### ACTION ITEM
Write every line of the material again exactly, with no pictures in the copy.

### INPUT DATA
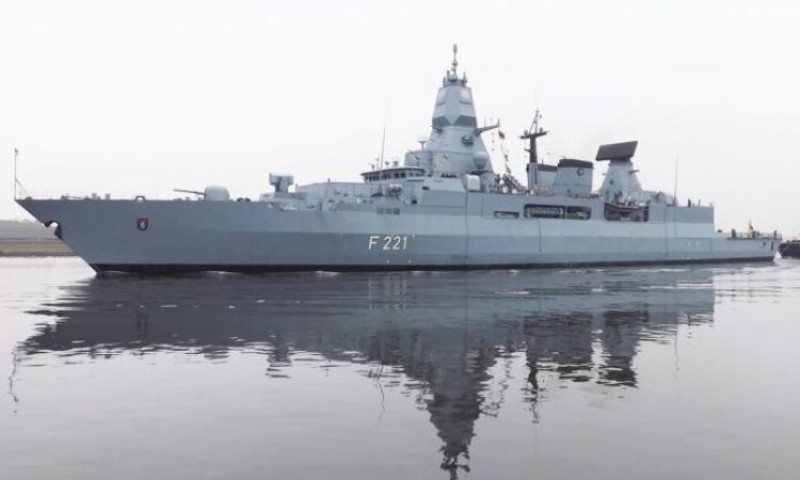 وزراء الخارجية الأوربيون يوافقون على بدء العملية البحرية في البحر الأحمر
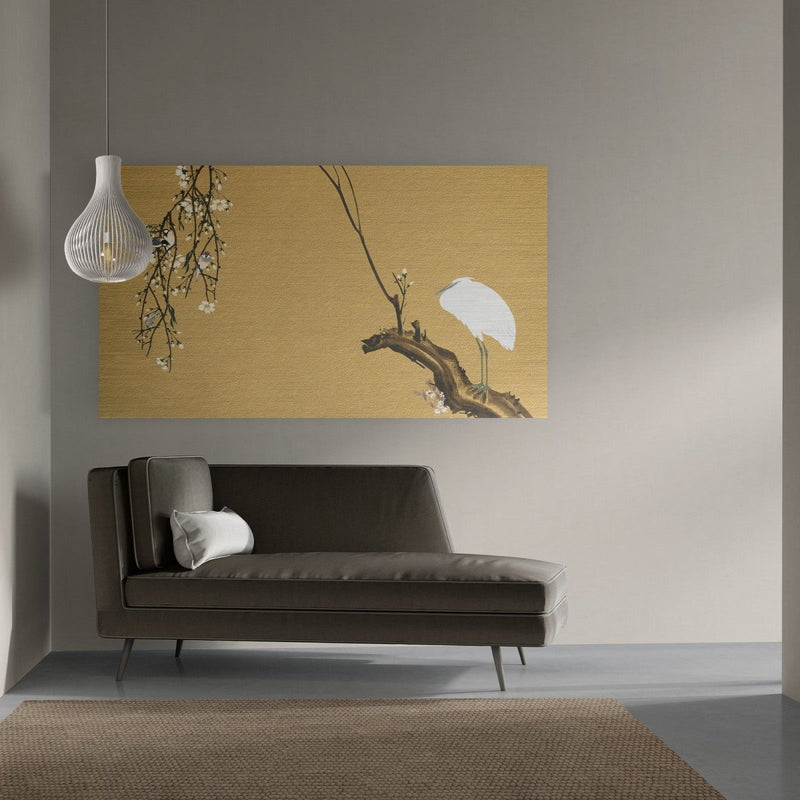 Hier hangt het gouden schilderij in een Japanse inrichting boven een bank.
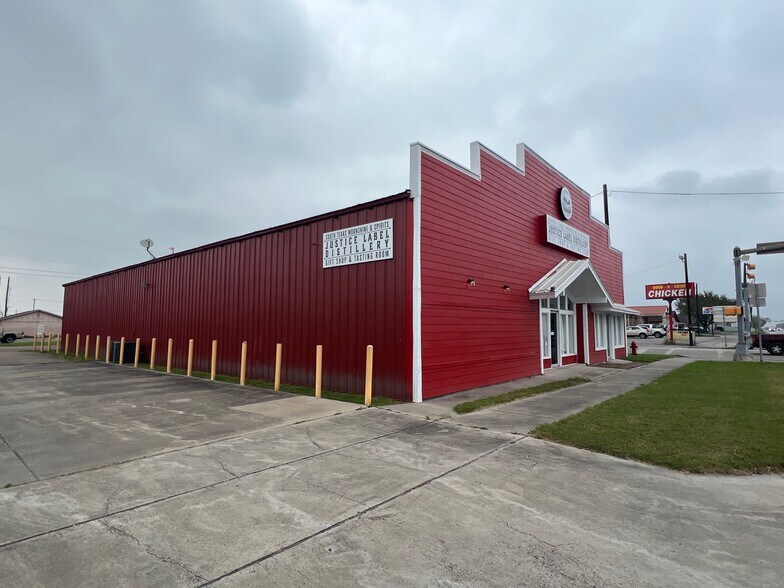 523 E Sinton St, Sinton, TX for sale - Primary Photo - Image 1 of 1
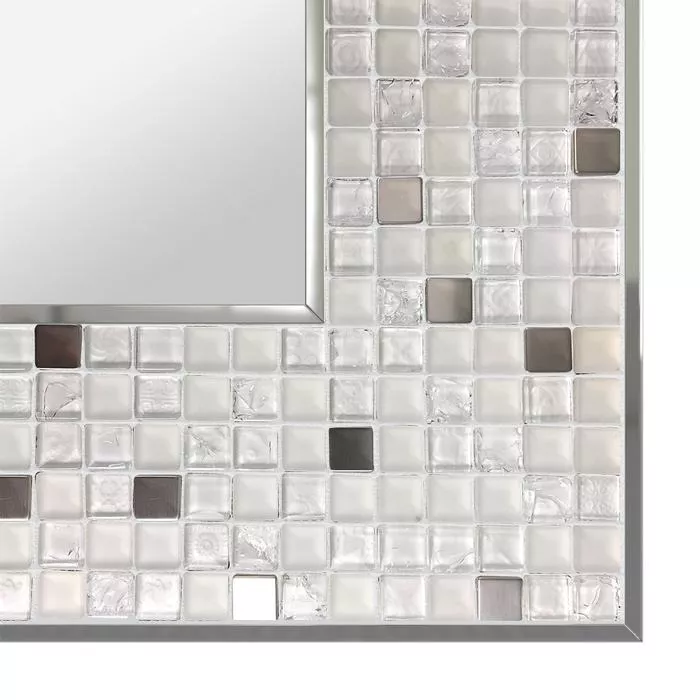 No fog mirror frame design inspired by ice cubes from Bahrain.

### TASK RESPONSE
 وزراء الخارجية الأوربيون يوافقون على بدء العملية البحرية في البحر الأحمر
 Hier hangt het gouden schilderij in een Japanse inrichting boven een bank.
 523 E Sinton St, Sinton, TX for sale - Primary Photo - Image 1 of 1
 No fog mirror frame design inspired by ice cubes from Bahrain.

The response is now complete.